Drawing on the MEC working group analysis with the help of networks we conclude that the MEC is relatively strongly organised in departmental sectors. The exceptions to this rule are the general and interdepartmental working groups and the Department for Vocational Education and Training. Particularly strong sectors operating on their own are the Department for Art and Cultural Policy and the Department for Youth and Sport policy. Analysis of networks of individuals showed that the links between the different departments are MEC officials only in part. External members from public sector, labour market and education providers are in a more prominent role here.

Conclusion: The Myth of the Traditional Monolithic MEC?

Our analysis reveals that the structure of the network of the MEC’s working groups conforms to the MEC’s departmental division prescribed in the MEC’s Rules of Procedure. Additionally, the network formed on the basis of individual members of the working groups showed that the external members have an important role in the social organisation of the MEC network. We conclude that the social organisation of the MEC is multi-layered,47 having at least two layers: on one hand, the working group-based analysis shows that MEC has a traditional Weberian bureaucratic and sectoral organisation within it, but on the other hand the individual-based analysis shows that MEC also has a cross-departmental networked form of organisation that includes a host of external stakeholders in it. Lacking temporal dimension in our analysis, we cannot assert that this is a change to some previous mode of MEC’s organisation, but we can state that both of these layers were present in our data. Thus, our analysis of the MEC’s working groups offers a rather traditional picture of the MEC’s operation on one hand, but on the other hand the strong role of the external working group members especially as interdepartmental links invites new questions about the application of networked governance and New Public Management in Finnish education policymaking.

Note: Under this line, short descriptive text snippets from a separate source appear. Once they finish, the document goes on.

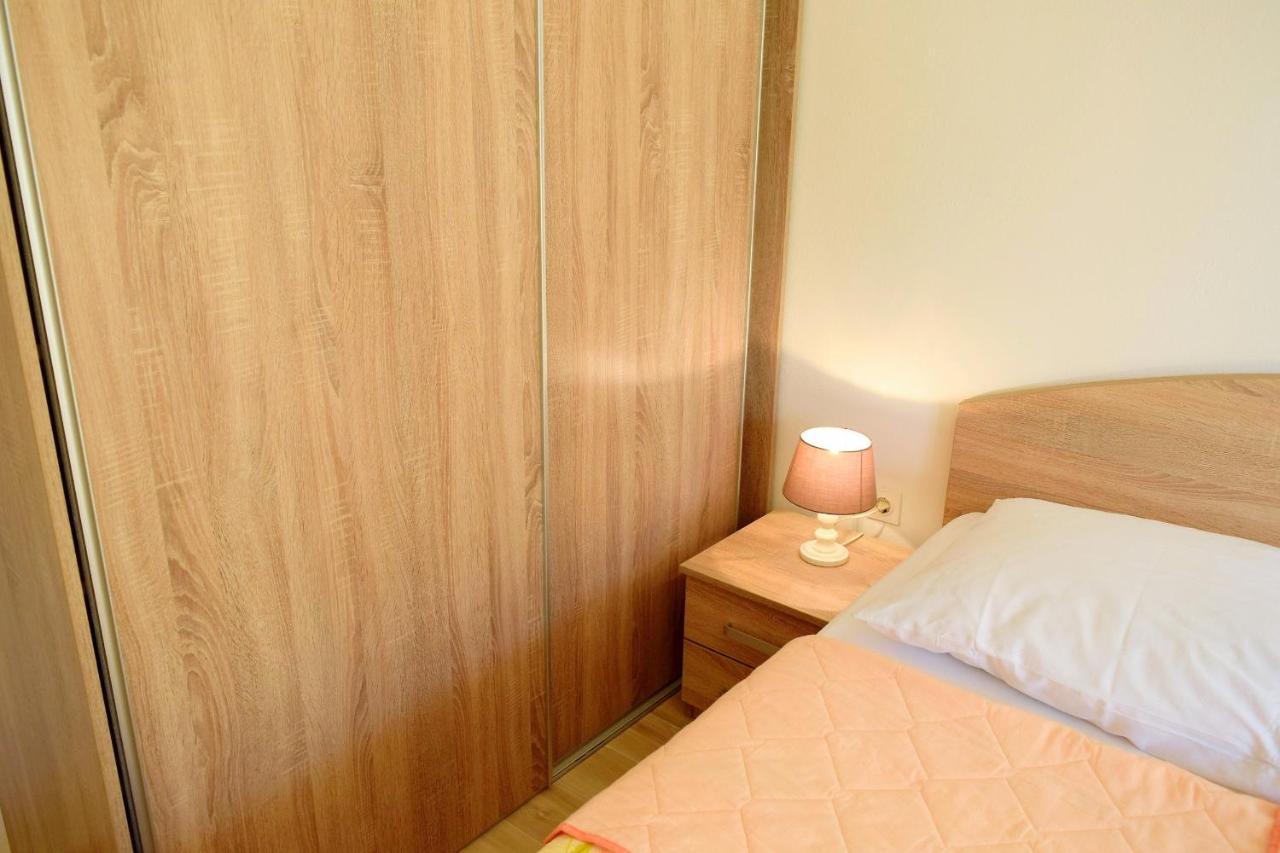 Zoro Apartments Palit Екстериор снимка
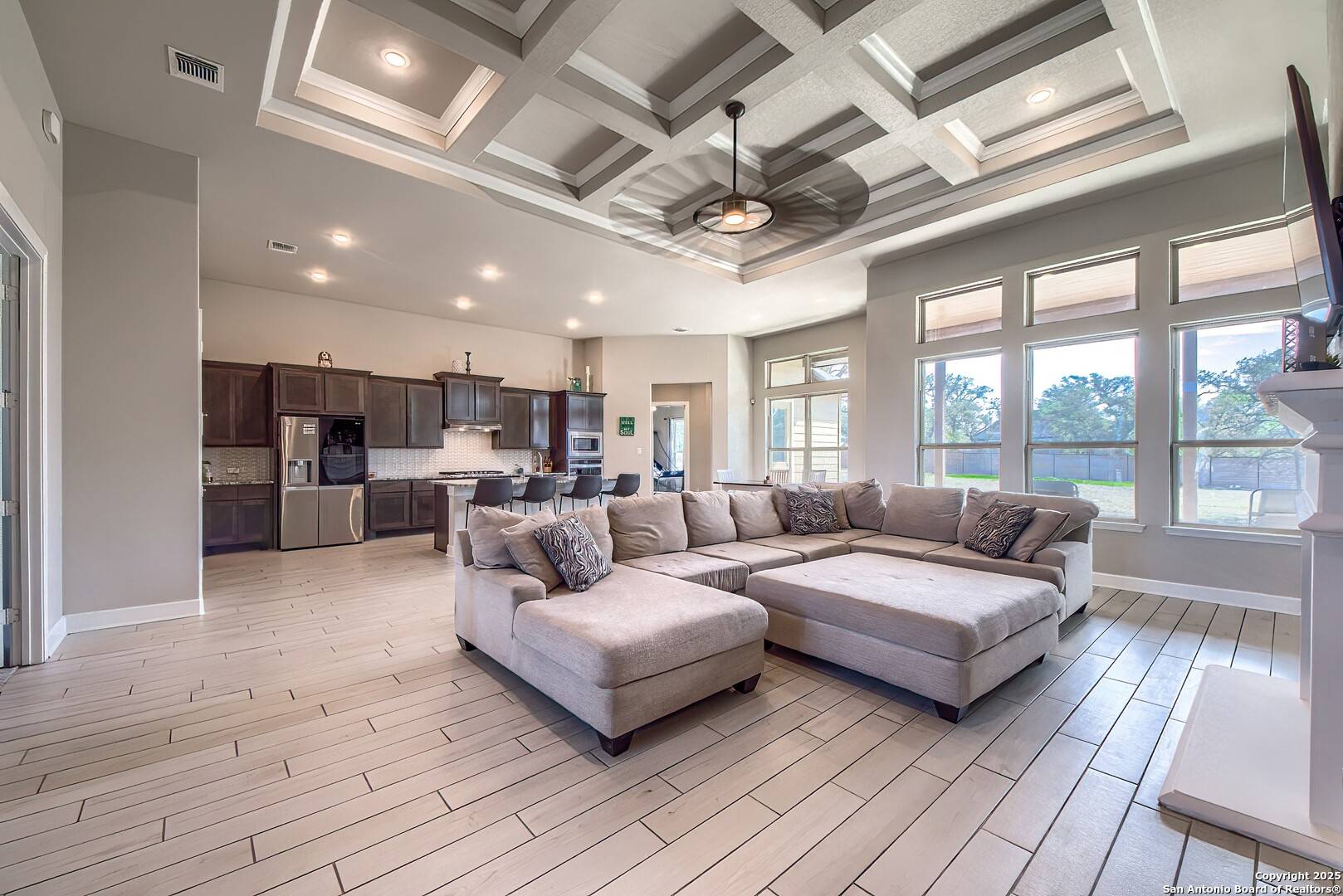 Castroville, TX 78009,527 James Way
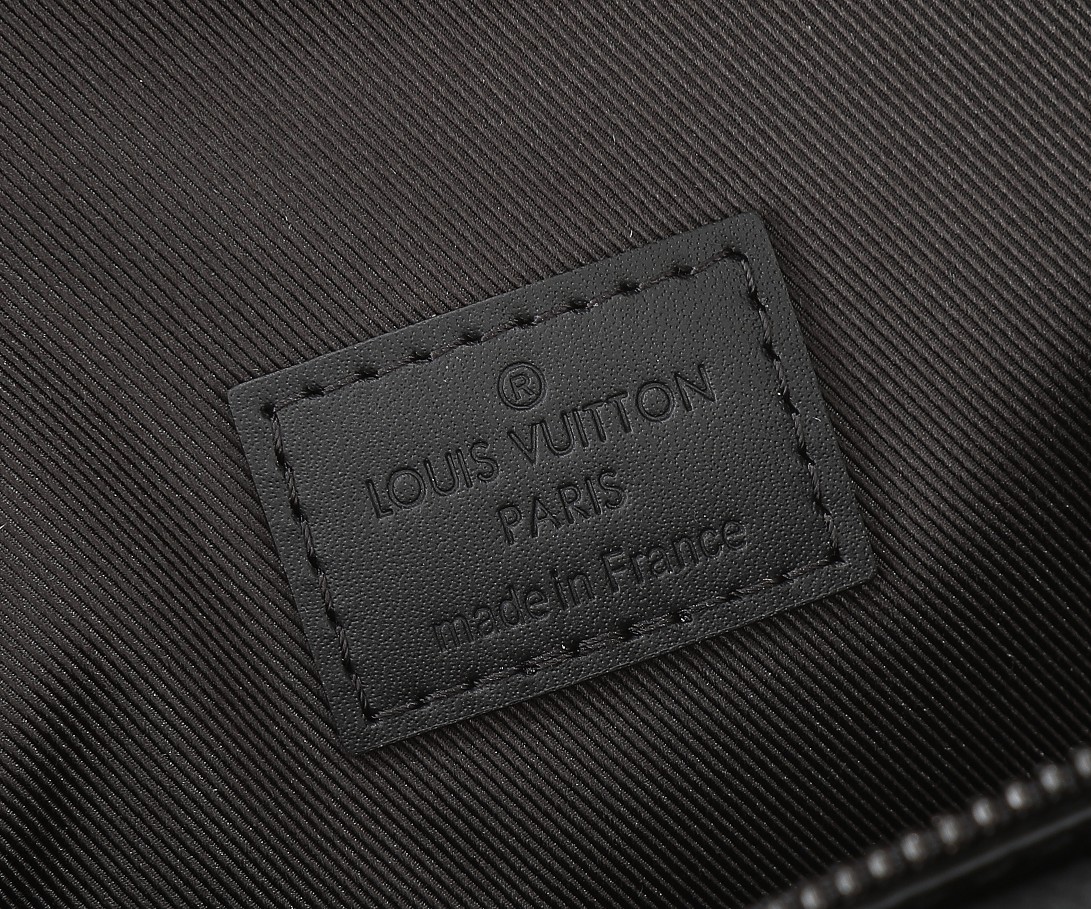 Pilot Wearable Wallet Noir M83563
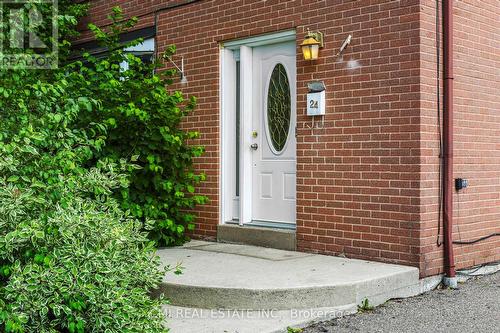 24 Fallingdale Crescent, Brampton, ON - Outdoor With Exterior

The traditional Weberian picture of the sectoral MEC includes the idea that the MEC is organised rather strongly according to its five departments that are focused on their subject areas of work: (1) the Department of Early Childhood Education and Care, Basic Education and Non-Formal Education, (2) the Department of Vocational Education, (3) the Department of Higher Education and Science Policy and Upper Secondary Education, (4) the Department of Culture and Arts Policy, and (5) the Department of Sports and Youth Policy. The main sectoral division was the extent of separation of the Department of Culture and Arts Policy and the Department of Sports and Youth Policy from other departments’ activities. The other three departments were clearly more connected through the networks of both working groups and individuals. This traditional picture is easily fitted to the continuum of the research literature reviewed at the beginning of this chapter that views Finnish education policy as being public servant-led and state-centred. We should note, though, that our focus was on the strong links—four or five connections—which may lead us to overestimate the importance of the public servants: public servants often serve in pairs or triplets simultaneously in several working groups as chairs, secretaries or rapporteurs, and in our analysis they are therefore easily interpreted as central nodes or strong links. This overestimation in turn could lead us to over-emphasise the importance of public servant-led policy formulation.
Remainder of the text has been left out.